Two pints of lager and a packet of crisps, please, bartender – oh and an original artwork too …
That’s the kind of order the Drake Manor Inn at Buckland Monachorum has been getting since it hosted a wake for Dartmoor celebrity Robin Armstrong, artist, author and fisherman, after his funeral on March 20.
Landlady Mandy Robinson is hoping to ring up a few more sales like it before she closes an exhibition of Mr Armstrong’s last unsold paintings in the pub dining room.
The artist died at the Blackdown Nursing Home at Mary Tavy, aged 78, from complications following a car crash in 2021. But before he went into care he had a home and studio on the edge of Horrabridge.
The Drake Manor was one of his favourite pubs ever since he was a river warden in the 70s and 80s, dicing with poachers on the Walkham and the Tavy.
Originally from the Orpington area of London, he began working life as an office boy, then a gamekeeper's assistant in Sussex, but it was already clear that his real talent was drawing and painting.

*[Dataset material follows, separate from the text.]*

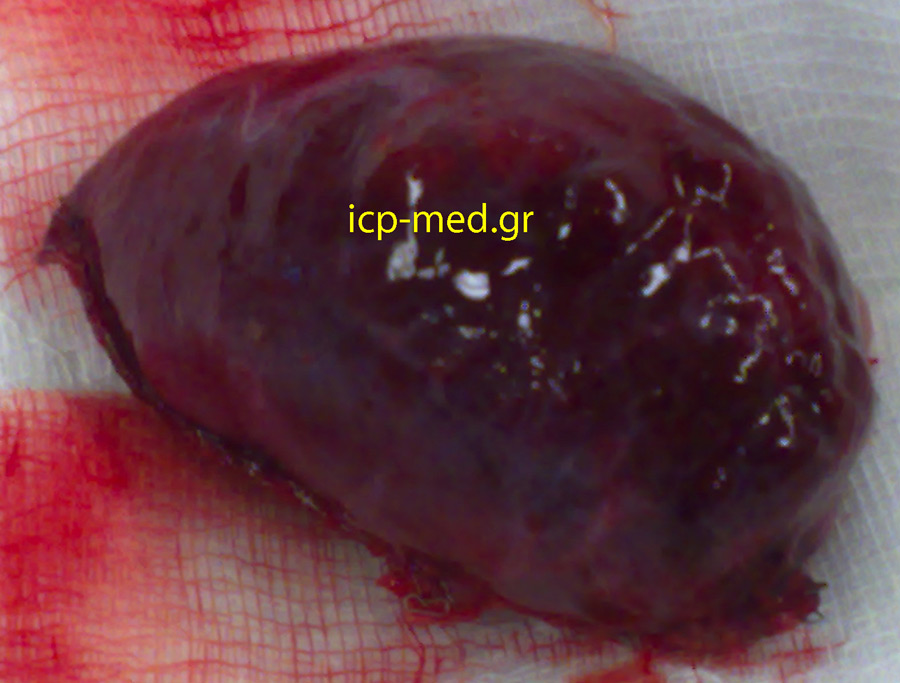 specimen of the bronchogenic cyst resected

He came to live in Devon around 1970, teaching in schools in between selling paintings and fishing with his first landlord, the environmentalist campaigner and writer Ewan Clarkson.
In 1977 he picked up a job as a river warden.

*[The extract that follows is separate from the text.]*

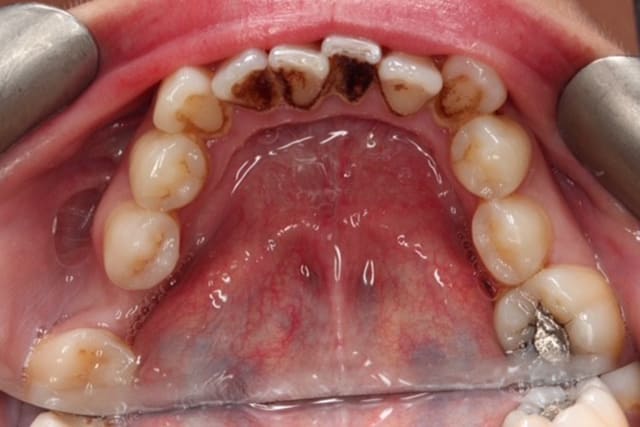 Dental Hygienist service before image – Bayswater Dental Clinic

In those days, before cheap farmed salmon, a lot of kitchens paid well at the back door.
It was a risky business chasing the poachers around lonely places and Mr Armstrong had to be careful where he went for a beer. But he gained respect for his nerve and his country skills and some of the poachers became friends – and even customers for his meticulous paintings of fish, birds, animals and landscapes.

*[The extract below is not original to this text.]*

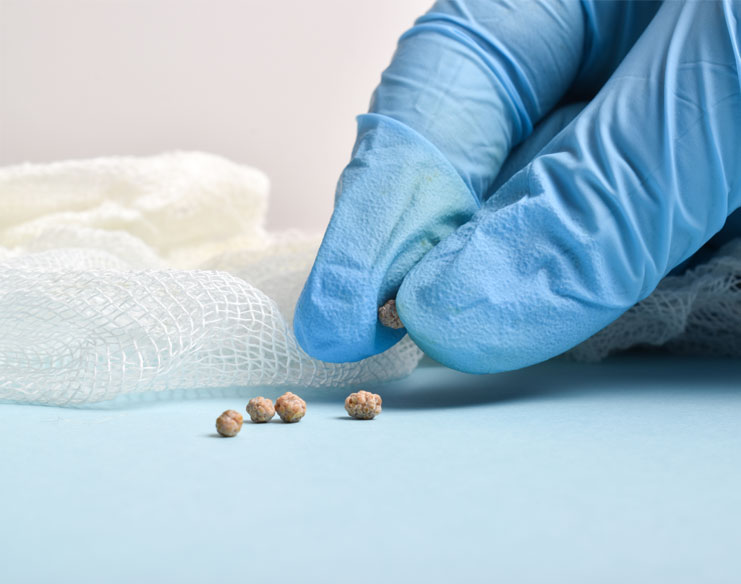 How to Prevent Gallstones: Tips for a Healthy Gallbladder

He wrote about his adventures in his first book, The Painted Stream, which he also illustrated. Published in 1984, it made him famous enough to make a living, from 1989, as an artist and fishing guide and a dealer in painting and angling gear. Until his accident, he ran a weekly stall in Tavistock Pannier Market, selling pictures and classic rods, reels, flies and so on.
He was a regular illustrator for Trout & Salmon magazine and a fishing partner to some famous names. He had some big hits. But he was often broke and many of his friends have a painting picked up for a song on a Friday night.
His first wife, Pat, who died in 2022, gave him a daughter, Tamsin, 54, who lives near Bideford, with her daughter, Eilisha. Eleven years later, with his second wife, Annie, he had a son, Owen, who lives in Canada. He was married a third time, to Grace, but ended up living as a bachelor again.
The exhibition at the Drake Manor includes 16 pictures, ranging from £220 to £685. Money raised will go towards settling his care bills and making donations in his memory to the RSPB and Dementia UK.